Core lithium joins European battery alliance
Core Lithium has strengthened its ties to Europe by becoming a member of the European Battery Alliance, an organisation committed to driving a competitive and sustainable battery industry (worth a potential €250B per annum) in Europe by 2025.
In May, Core announced the signing of a non-binding offtake term sheet (MOU) with Geneva-based Transamine Trading for the supply of 50,000 tonnes of lithium-rich spodumene concentrate a year for five years from its Finniss Lithium Project.
And its most recent resources announcement – increasing Finniss’ forecast resources to 5.7M tonnes and doubling the projected Life of Mine (LOM) to at least 7 years – suggests many batteries made in the European Union (EU) could contain critical minerals harking from Northern Territory soil.

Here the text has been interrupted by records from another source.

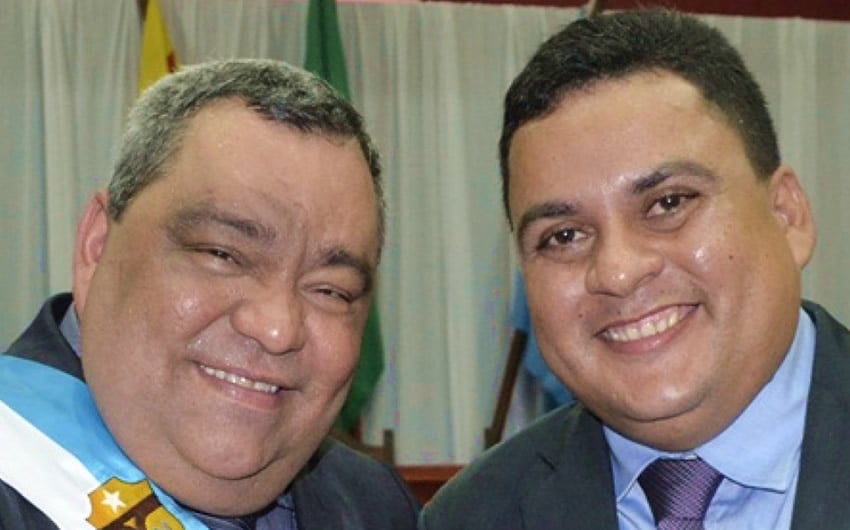 Mazinho muda candidato e coloca Gilberto Lira na disputa pela prefeitura Mazinho muda candidato e coloca Gilberto Lira na disputa pela prefeitura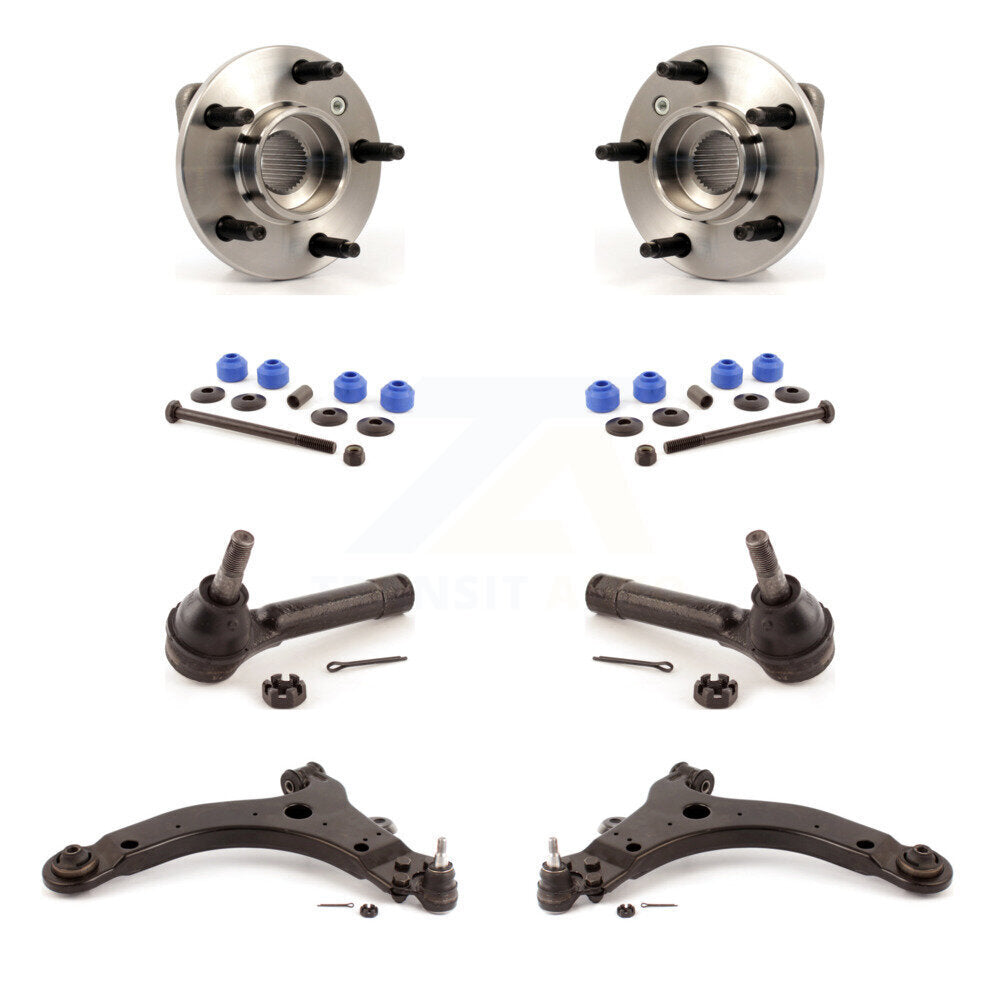 Wheel Bearing Hub Assembly Kit-K7T-109787 - Kit.bestparts.ca Kit.bestparts.ca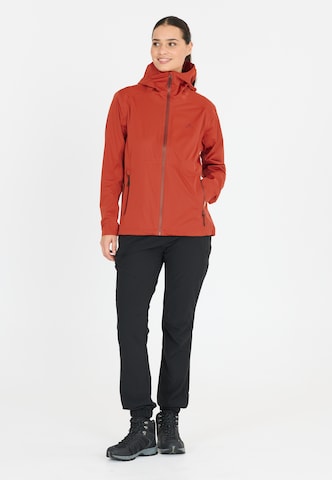 Whistler Jacke 'Bowen' in Rot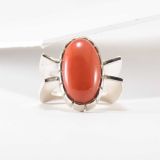 Richard Chavez Coral Ring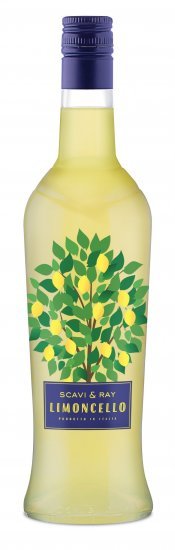 Scavi & Ray - Limoncello 25%, 70 cl.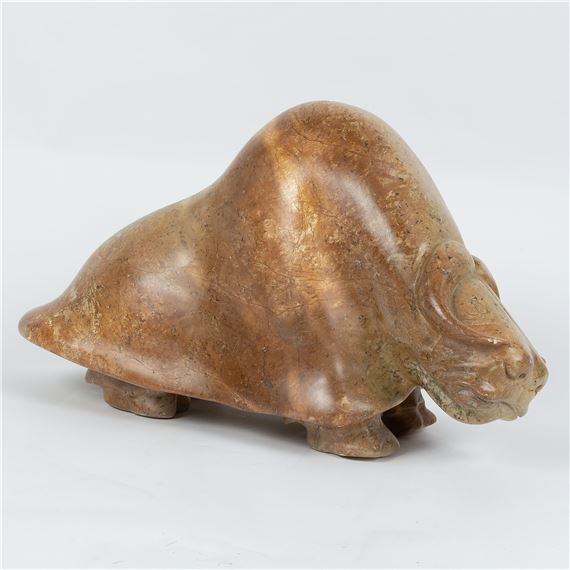 MUSK OX by Jonasie Faber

The EBA250 is described as an inclusive ecosystem for interested stakeholders across the EU’s entire battery value chain that are keen to collaborate on initiatives to promote sector growth.

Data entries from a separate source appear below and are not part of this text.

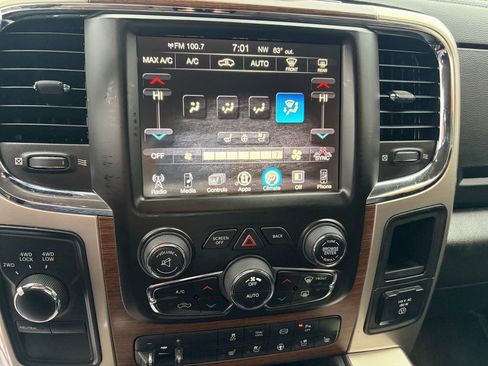 Used 2015 RAM 3500 Laramie AWD/4WD image 8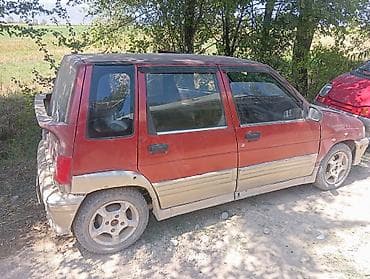 wuling mini ev: Daewoo Tico: 1997 г., 0.8 л, Механика, Бензин, Хэтчбэк — 3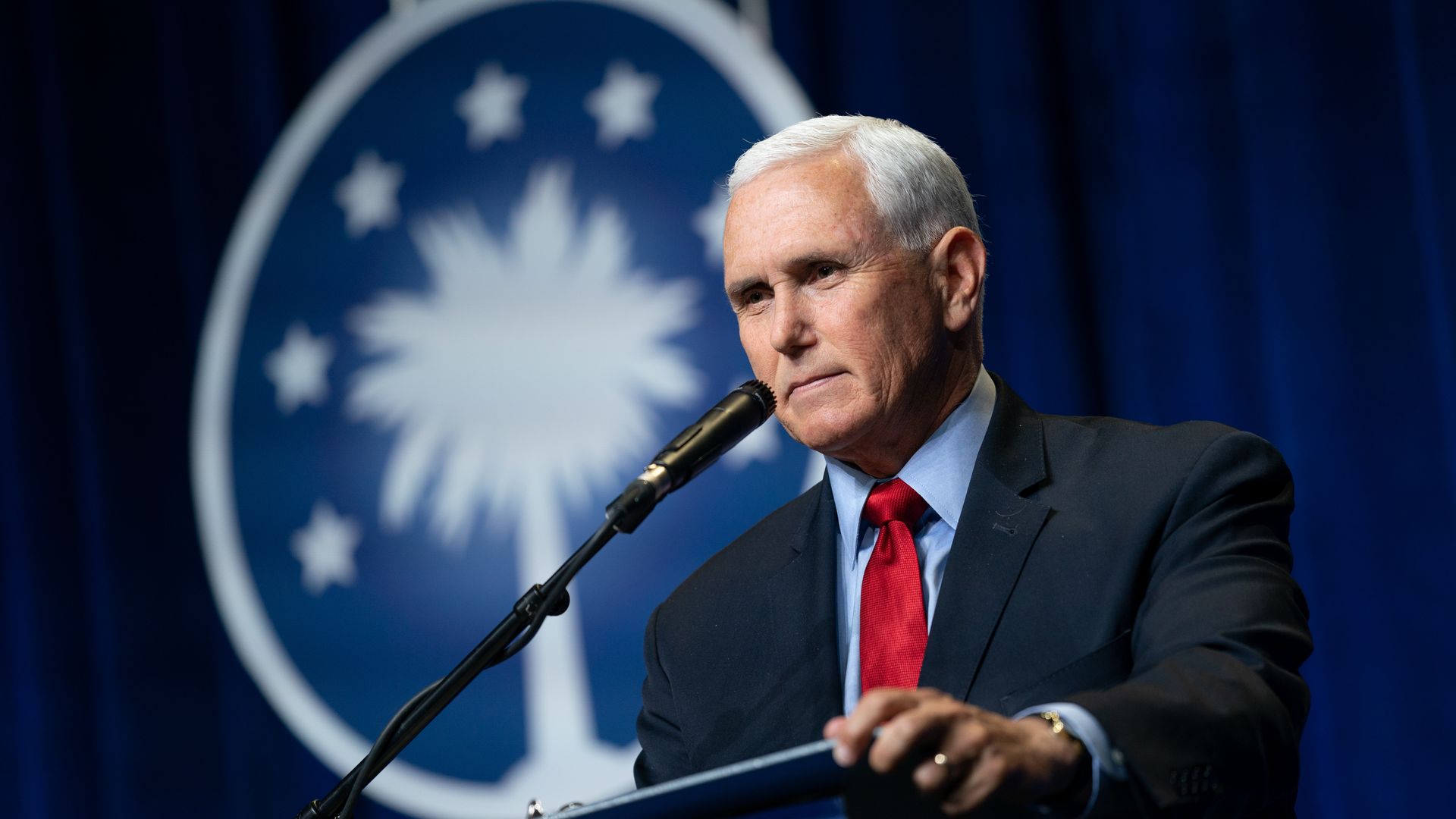 Former Vice President Mike Pence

It brings together +440 major players from the European Commission, interested EU countries, investment institutions and key industrial, innovation and academia stakeholders and is facilitated by EIT InnoEnergy – the innovation engine for sustainable energy supported by the European Institute of Innovation and Technology.
EBA250 manager Thore Sekkenes says Core’s interest to engage directly with the European market was extremely welcome given Australia’s vast lithium resources and expertise.
“In Australia, there is a lot of expertise when it comes to Lithium, and thus it is of crucial importance for us to build the bridge between Europe and Australia. We want to actively collaborate with Australian companies, like Core Lithium, willing to establish progressive trade relationships here.”
Core’s managing director Stephen Biggins says these new connections are highly advantageous for Core.
“The EBA250 is a unique meeting platform for industry participants and being a member will provide us with greater regulatory insights, market intelligence and all-important connections to business development contacts and the Alliance’s funding and financial partners.
“To date, the Asian markets have been the key offtake partners of lithium production from Australia. But as we look towards beginning our exports in 2022, our aim is to be producing for a diversified portfolio of partners.
“Europe is focused on building sophisticated capabilities across the entire battery value chain – from raw and active materials, through to cell manufacturing and machinery, battery packs systems, applications and recycling. It’s a market emerging at just the right time for Core.
“The increased focus from the EU and their keenness to work collaboratively with us reminds us that the future demand for lithium is far-reaching and significant.”
Core’s key project site, The Finniss Project, is located 25km south of Darwin and with direct roads to Darwin Port will be one of Australia’s most efficient Lithium export operations.